§ **Brief**
Repeat, line for line, only the span that opens at the "T-shirt manches courtes" line and closes at the final line below. Skip the pictures.

== Materials provided ==

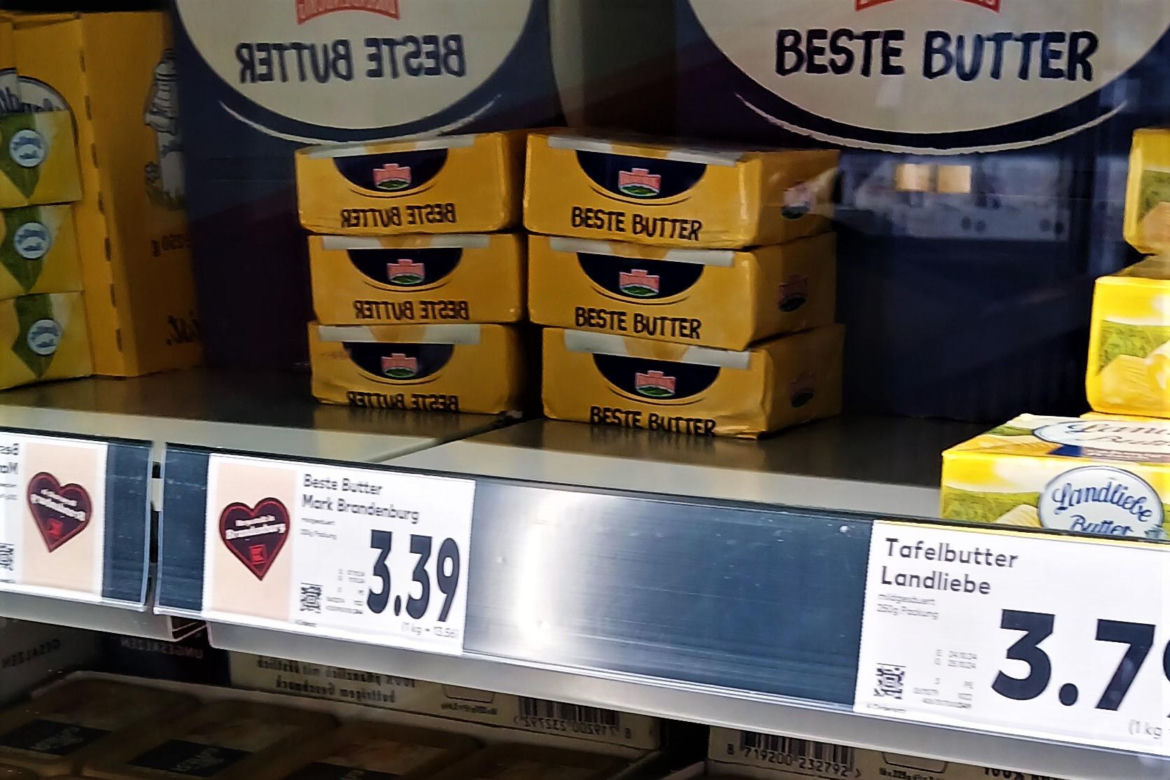 Ceny masła w Polsce i w Niemczech
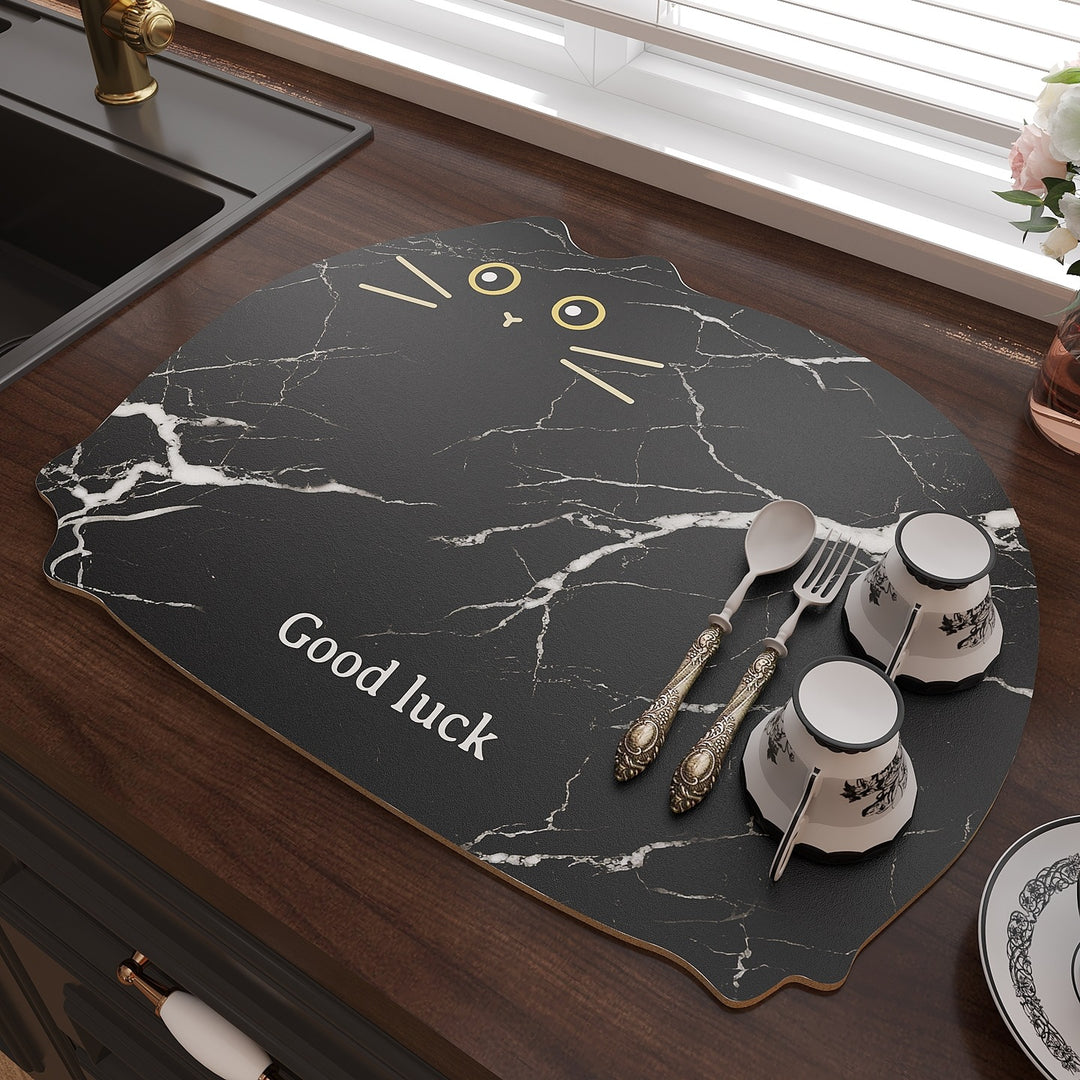 Cat-Themed Kitchen Table Mat Bowlift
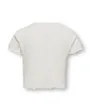 T-shirt manches courtes Enfant KOGNELLA S/S O-NECK TOP NOOS JRS Blanc
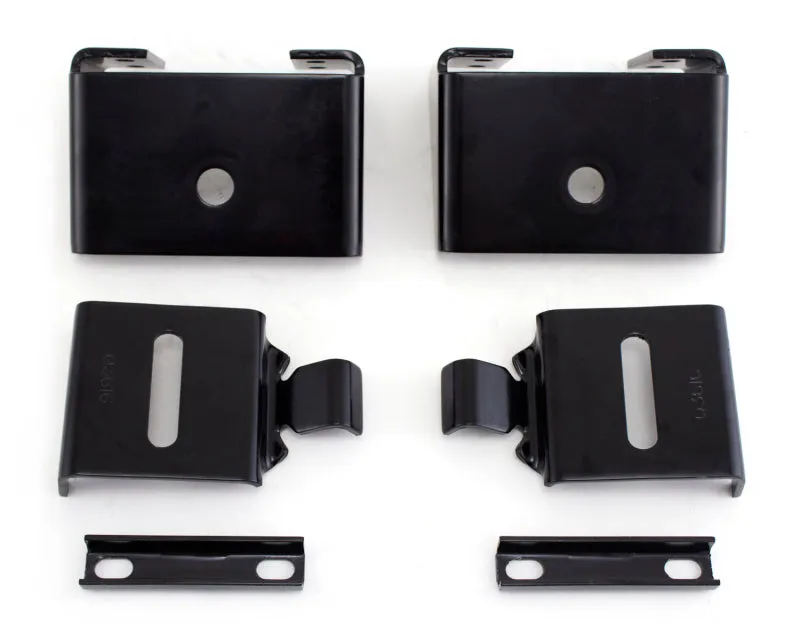 Air Lift Ridecontrol Rear Air Spring Kit - 2000 lb Capacity - Black Powder Coat Brackets - Various Applications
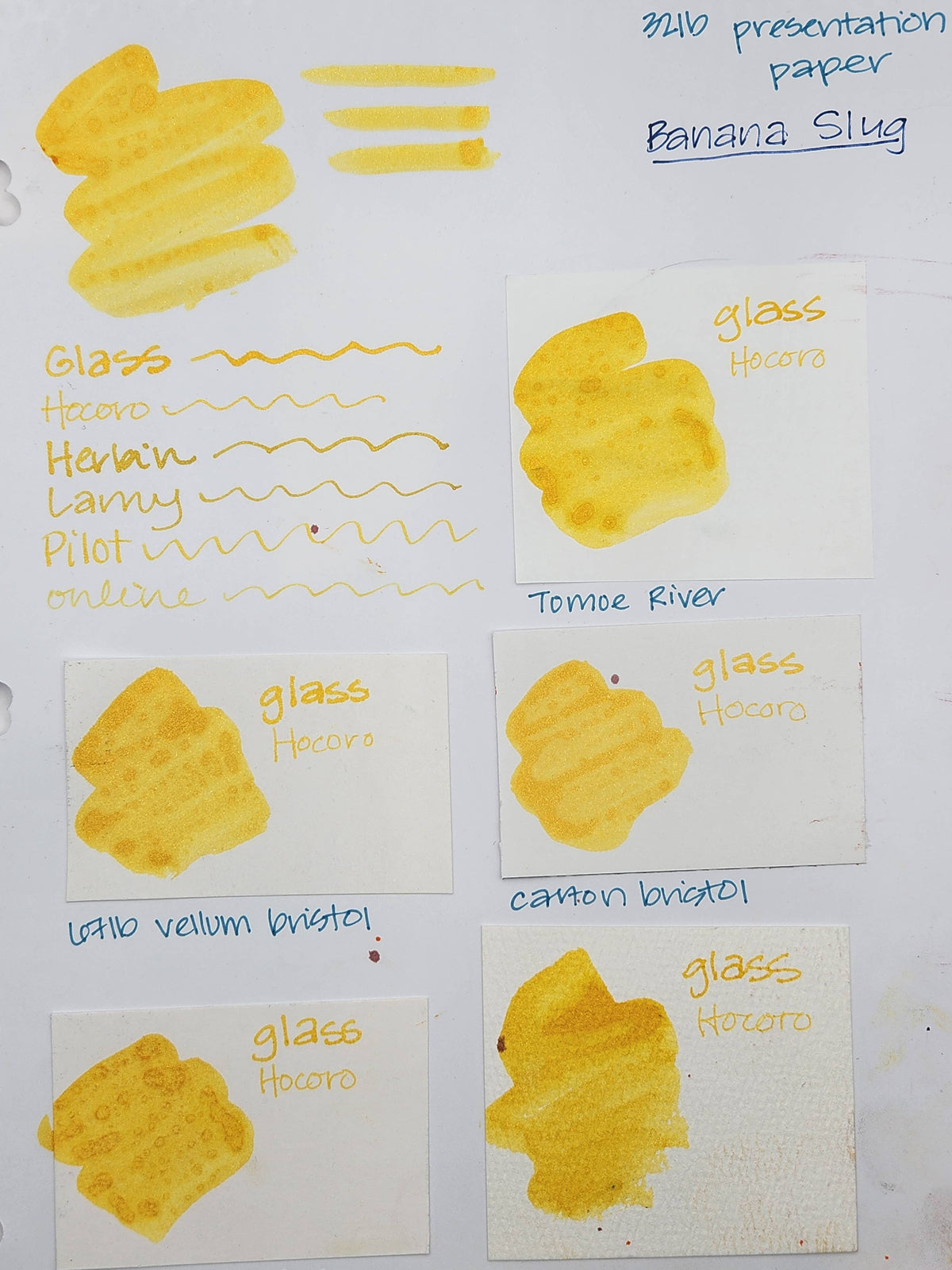 Push/Pull Fountain Pen Ink - Banana Slug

===

§ **Written response**
 T-shirt manches courtes Enfant KOGNELLA S/S O-NECK TOP NOOS JRS Blanc
 Air Lift Ridecontrol Rear Air Spring Kit - 2000 lb Capacity - Black Powder Coat Brackets - Various Applications
 Push/Pull Fountain Pen Ink - Banana Slug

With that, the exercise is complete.